Material for this task
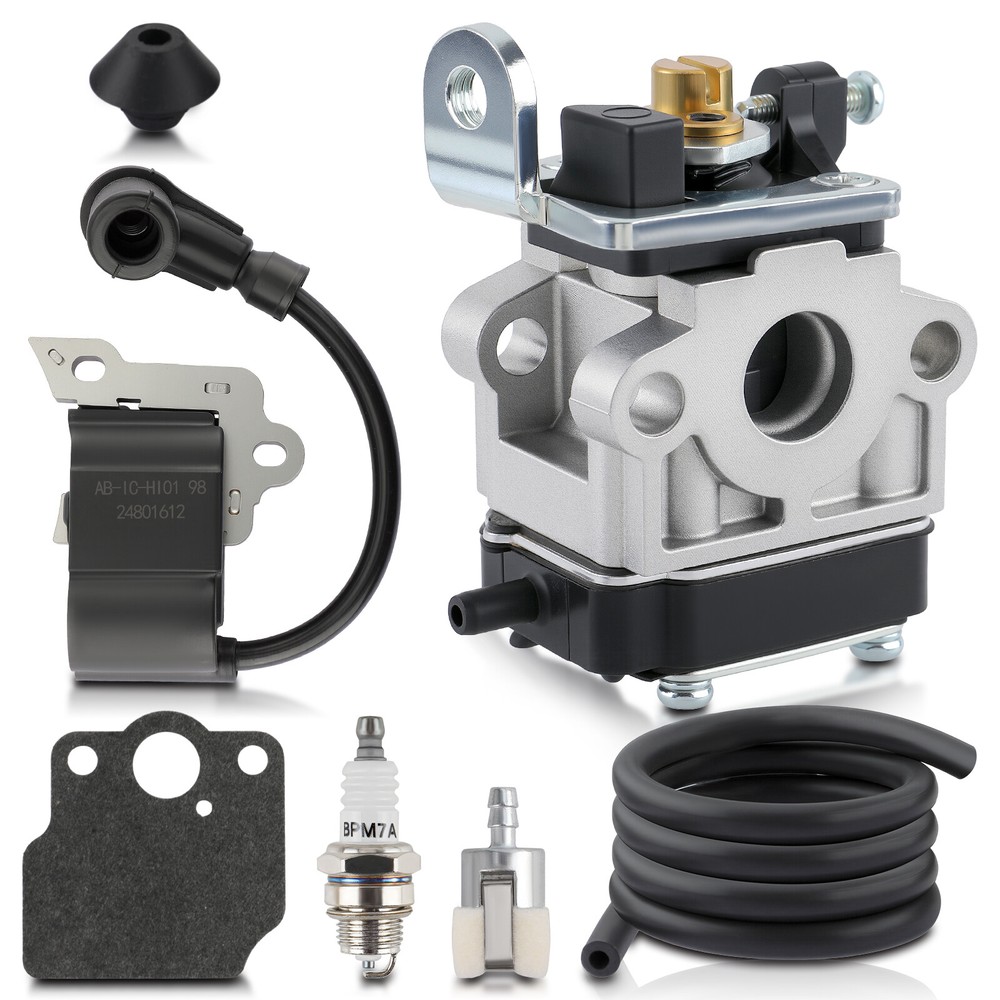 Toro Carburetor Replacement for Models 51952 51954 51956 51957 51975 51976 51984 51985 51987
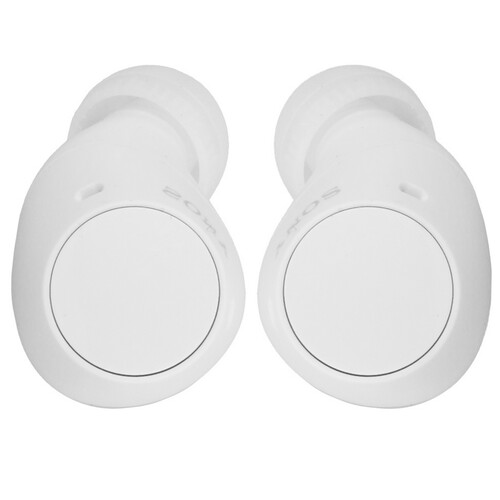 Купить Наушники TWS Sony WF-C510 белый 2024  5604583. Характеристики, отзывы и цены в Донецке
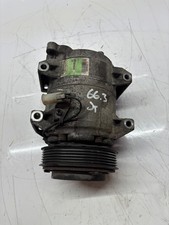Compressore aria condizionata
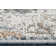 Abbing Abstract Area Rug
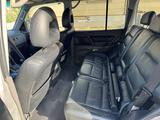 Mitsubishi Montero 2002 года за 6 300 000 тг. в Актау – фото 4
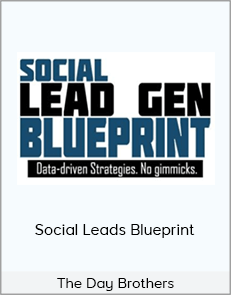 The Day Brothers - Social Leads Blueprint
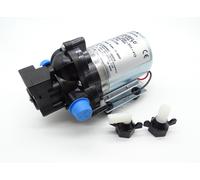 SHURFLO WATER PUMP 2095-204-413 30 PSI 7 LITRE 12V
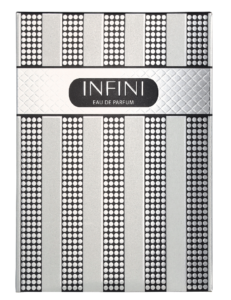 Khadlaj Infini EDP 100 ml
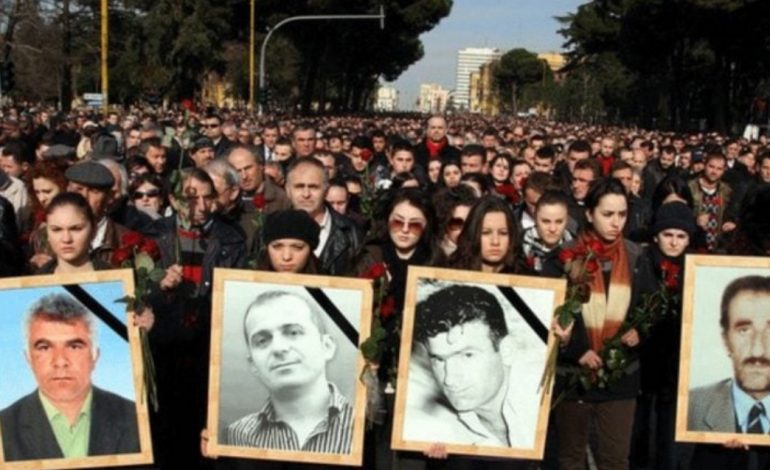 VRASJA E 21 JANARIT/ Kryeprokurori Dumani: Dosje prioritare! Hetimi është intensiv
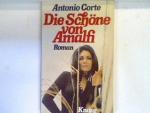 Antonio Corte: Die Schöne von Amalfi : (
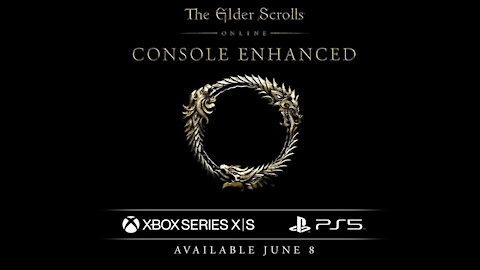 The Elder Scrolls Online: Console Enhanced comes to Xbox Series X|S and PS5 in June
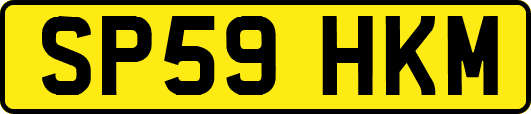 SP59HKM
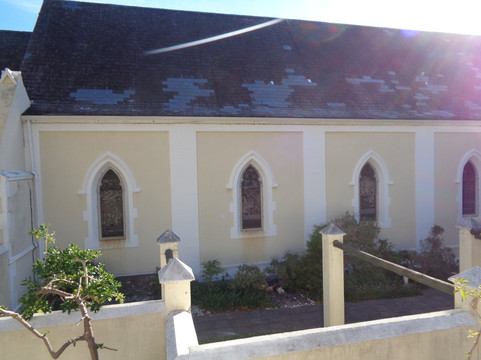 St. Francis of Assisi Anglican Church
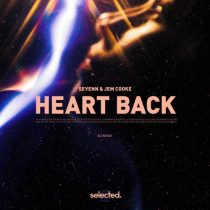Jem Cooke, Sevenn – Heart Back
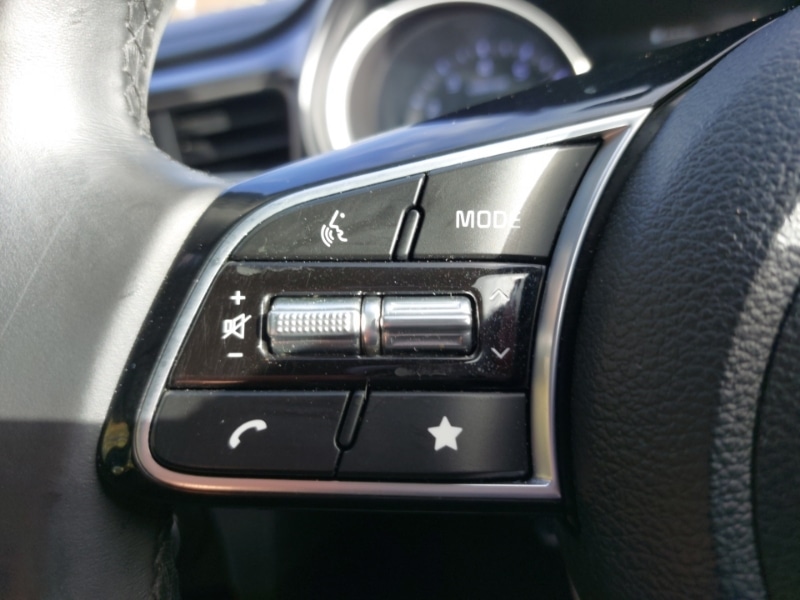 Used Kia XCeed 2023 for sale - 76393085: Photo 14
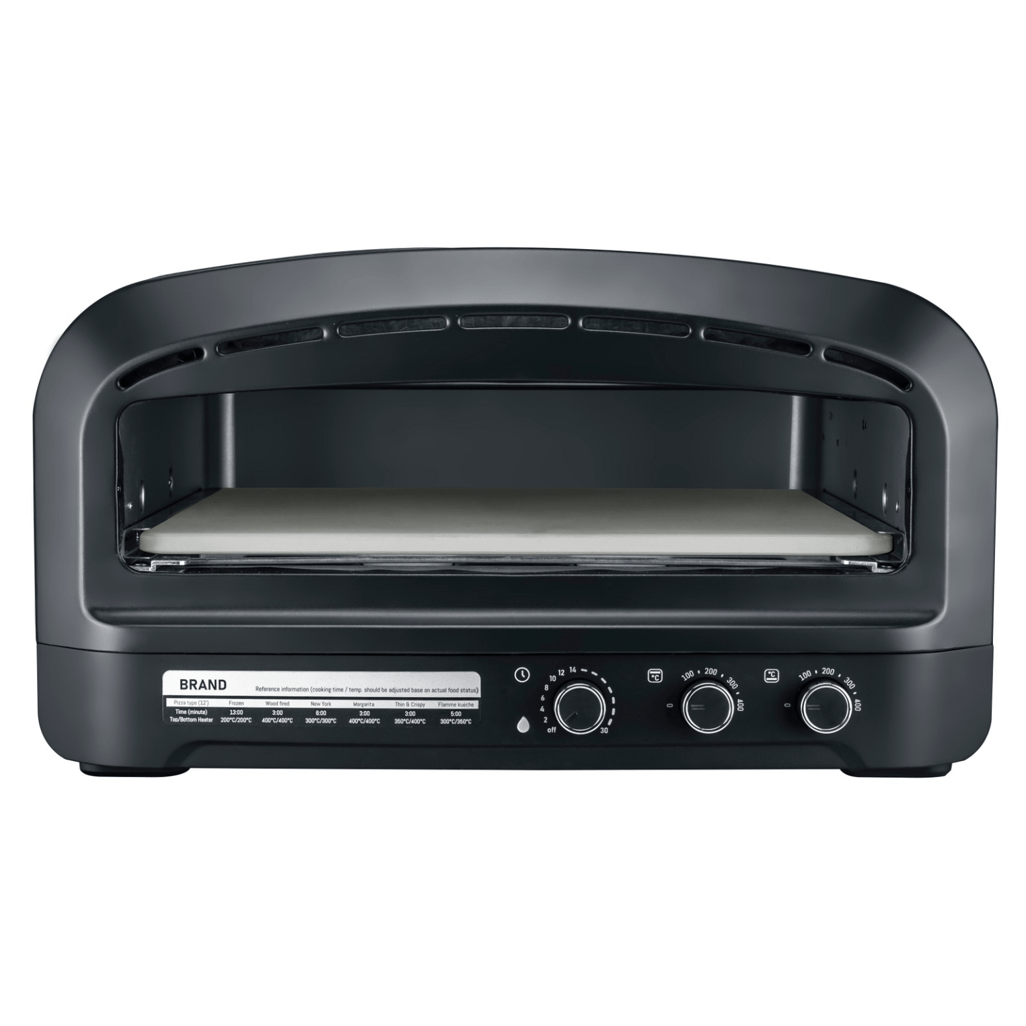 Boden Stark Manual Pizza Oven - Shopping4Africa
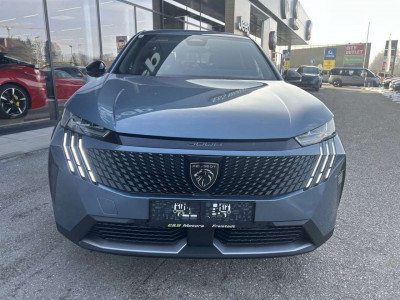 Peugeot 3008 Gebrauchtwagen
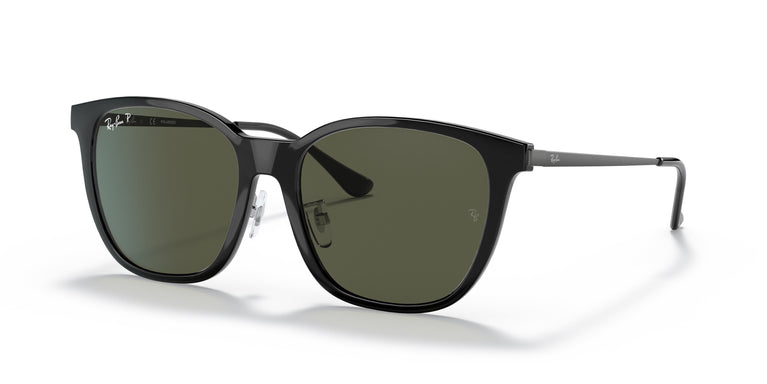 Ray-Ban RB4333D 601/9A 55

Your goal
Exactly the lines from the line with "VRASJA E 21" through the end of the data are to be reproduced, and no picture is to be included.

Exercise result
 VRASJA E 21 JANARIT/ Kryeprokurori Dumani: Dosje prioritare! Hetimi është intensiv
 Antonio Corte: Die Schöne von Amalfi : (
 The Elder Scrolls Online: Console Enhanced comes to Xbox Series X|S and PS5 in June
 SP59HKM
 St. Francis of Assisi Anglican Church
Jem Cooke, Sevenn – Heart Back
 Used Kia XCeed 2023 for sale - 76393085: Photo 14
 Boden Stark Manual Pizza Oven - Shopping4Africa
 Peugeot 3008 Gebrauchtwagen
 Ray-Ban RB4333D 601/9A 55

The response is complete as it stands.